| Available data |
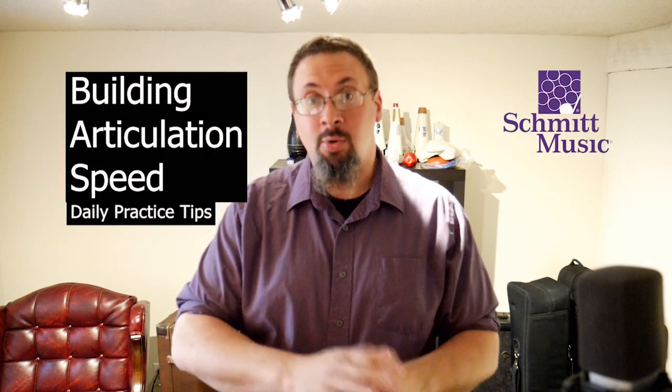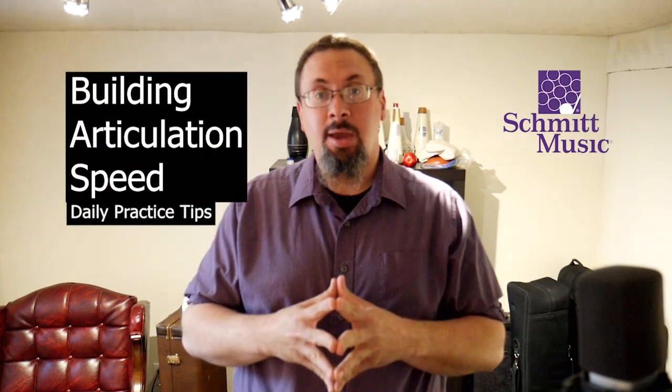Hello, I'm Keith Hilson with the Schmidt Music Trombone Shop, back with another daily practice tip for you. Today, I'm going to be talking about articulation and specifically building up our speed of articulation.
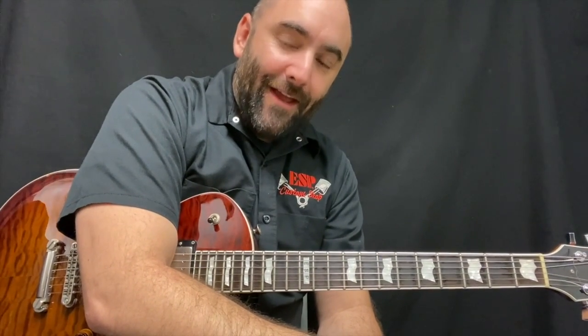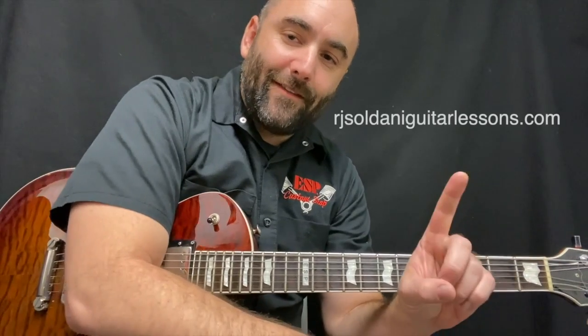Thanks for checking out our channel. Don't forget to hit like and subscribe, and check out our full length lessons right there at RJSoldaniGuitarLessons.com.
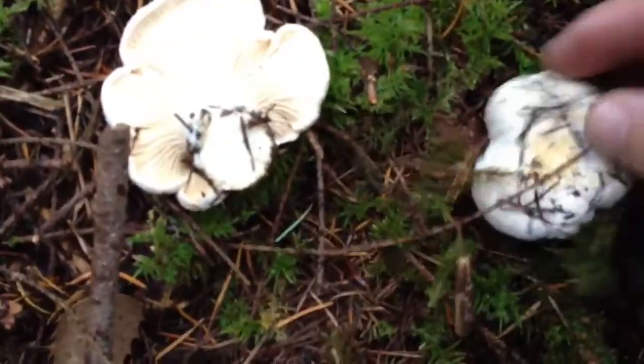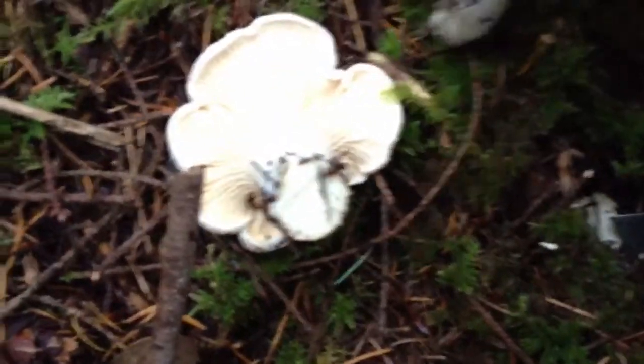And you get nice chanterelles to have. Mushroom burgers. And there's a whole bunch more going underneath all of this moss. And Scotty's way over there somewhere. I hope I don't run into a bear.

| Exercise aim |
Return every line above exactly, omitting images.

| Reply to the exercise |
Hello, I'm Keith Hilson with the Schmidt Music Trombone Shop, back with another daily practice tip for you. Today, I'm going to be talking about articulation and specifically building up our speed of articulation.
Thanks for checking out our channel. Don't forget to hit like and subscribe, and check out our full length lessons right there at RJSoldaniGuitarLessons.com.
And you get nice chanterelles to have. Mushroom burgers. And there's a whole bunch more going underneath all of this moss. And Scotty's way over there somewhere. I hope I don't run into a bear.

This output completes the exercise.